Dense retrieval draft #278

MXueguang · 2020-12-18T13:11:16Z

An example of usage, since dense index doesn't contains raw data, I loaded the corpus separately.

import numpy as np
from pyserini.search import SimpleDenseSearcher

searcher = SimpleDenseSearcher.from_prebuilt_index('msmarco_passage_0', 'collection.tsv')

query_emb = np.random.random(768).astype('float32')
result = searcher.search(query_emb)

result[0].raw
>> 'Lander, WY Sales Tax Rate. The current total local sales tax rate in Lander, WY is 5.000%. The December 2015 total local sales tax rate was also 5.000%. Lander, WY is in Fremont County. Lander is in the following zip codes: 82520.'

result[0].docid
>> '350921'

result[0].score
>> 0.42547345

searcher.doc('123')
>> Document(docid='123', raw='With a number of condo developments springing up in the city, it can be difficult to narrow down your choices for the perfect Montreal condo for sale.
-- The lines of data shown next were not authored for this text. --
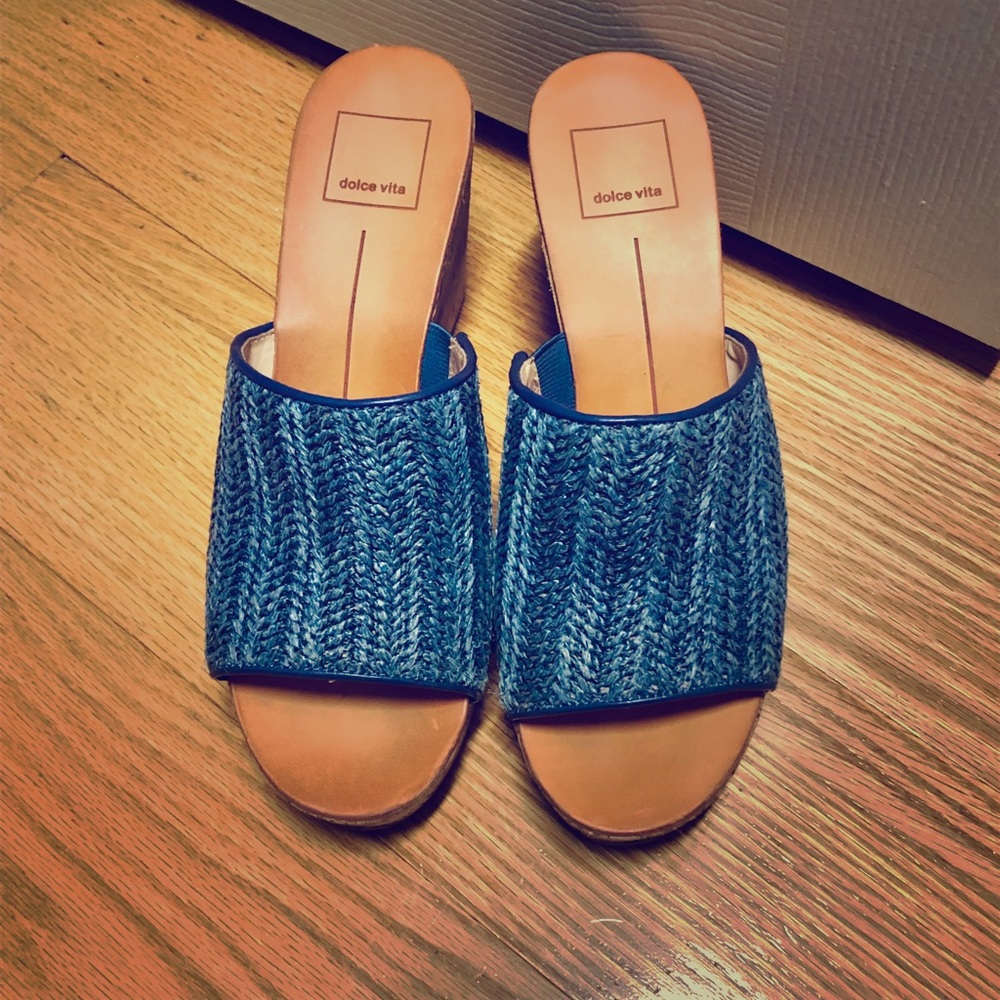 Cute denim wedges, summer must have!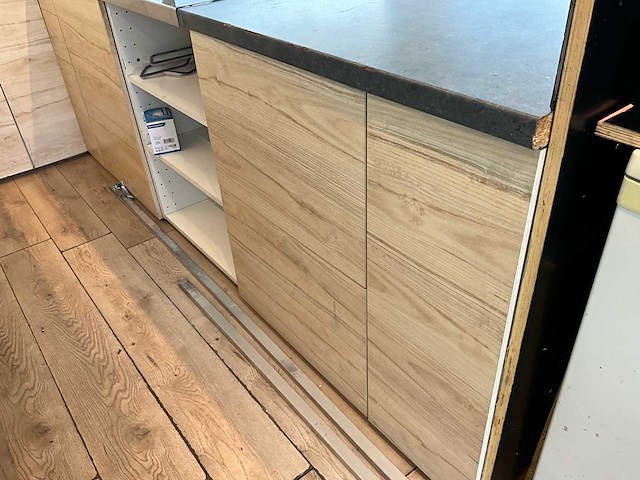 Heyvaert foodtruck instapklaar - alles inbegrepen - afbeelding 8 van  80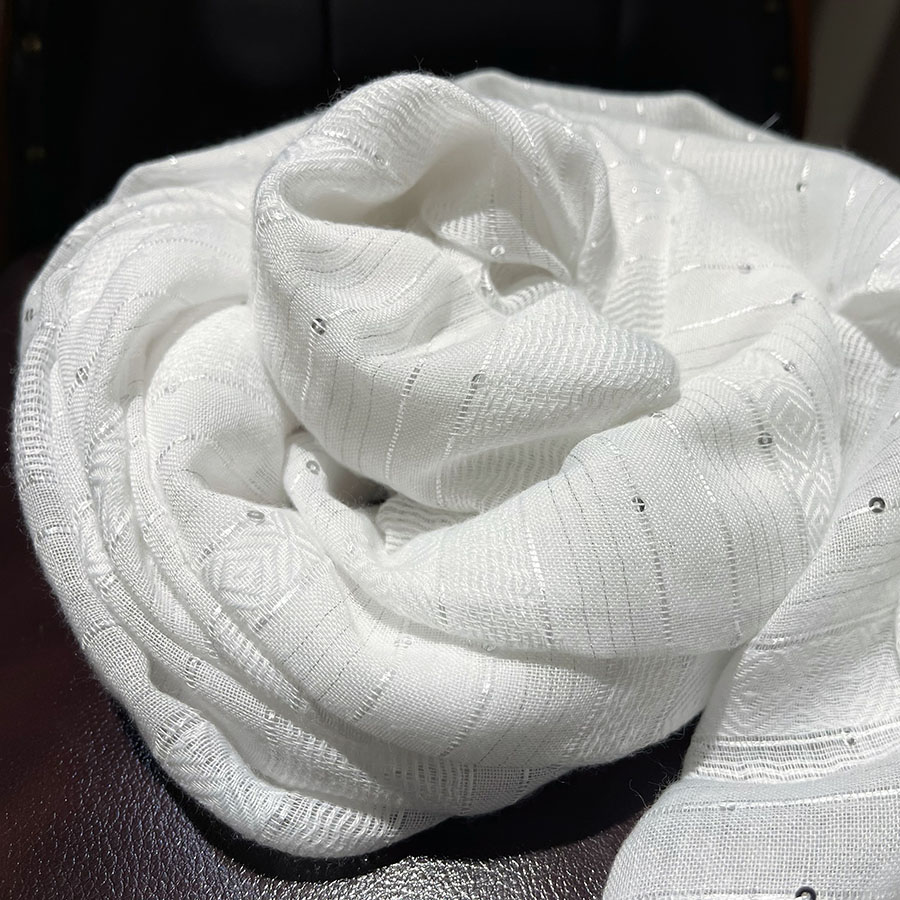 春秋冬季百搭白色保暖围巾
Our skilled agents organize your steps towards meeting your goals with our condo projects located in popular and trendy neighbourhoods.')
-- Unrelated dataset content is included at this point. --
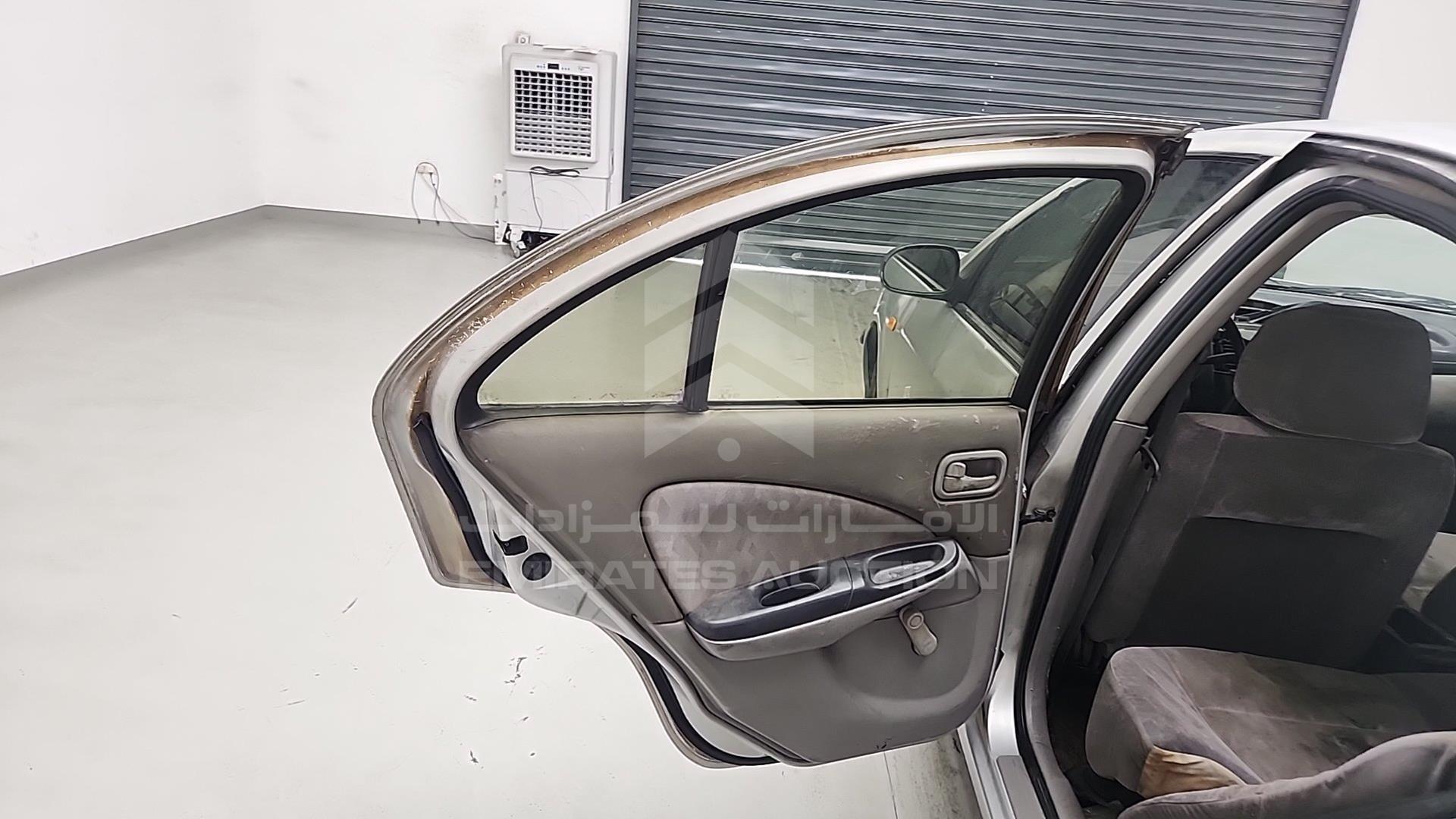 2001 NISSAN SUNNY VIN: JN1FN61S41W001068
lintool · 2020-12-18T13:54:45Z

Let's see if we can replicate the results (i.e., MRR) in the arxiv paper.

How about we create a QueryEncoder class? Then we can have something like .load_pre_encoded queries - that takes a natural language query and looks up the vector representation directly.

MXueguang · 2020-12-18T14:08:23Z

sure, sg

lintool · 2020-12-20T17:23:18Z

Add a driver program for replicating results from the paper? e.g., https://github.com/castorini/pyserini/blob/master/pyserini/search/__main__.py

Not sure if we want in that file or a different one, though. Depends on the complexity of the code paths.

lintool · 2020-12-20T17:25:21Z

For example, this works:

python -m pyserini.search --topics msmarco_passage_dev_subset \
 --index msmarco-passage --output runs/run.msmarco-passage.2.txt --bm25 --msmarco &

Implement something similar for dense retrieval? Maybe --sparse as default, with --dense as an option? They we can have --hybrid?

MXueguang · 2020-12-20T17:30:30Z

sure, I got some issue on replicating the result rn (I guess there might be a bug when I indexing with HNSW, but still investigating). I'll add it when the score are replicated successfully on my end.

MXueguang · 2020-12-30T05:37:20Z

reproduced MRR@10 of tct_colbert

Expected:

MRR @10: 0.3345

Using brute force index IndexFlatIP:

MRR @10: 0.33447093737208256
search speed: 10s per query
size: 26G

Current SimpleDenseSearcher is doing single query search, which is not multithreaded for the brute force index. faiss can do multithreading when search by batch of queries. We can create a BatchDenseSearcher if we need.

Using hnsw index IndexHNSWFlat:

with store_n= 512 ef_search=128, ef_construction=200

MRR @10: 0.3335402737981526
search speed 0.05s per query, using 16 cpu cores
size: 60G
index time: 10+ hours

…tithreadly

MXueguang · 2020-12-30T18:35:49Z

using batch_search with batch size 16 and running with 16 cpu

brute force index: 14s per batch
hnsw index: 0.2 s per batch

lintool · 2020-12-30T20:32:09Z

So we have three modes of operation: brute force GPU, brute force CPU, and hnsw CPU - right?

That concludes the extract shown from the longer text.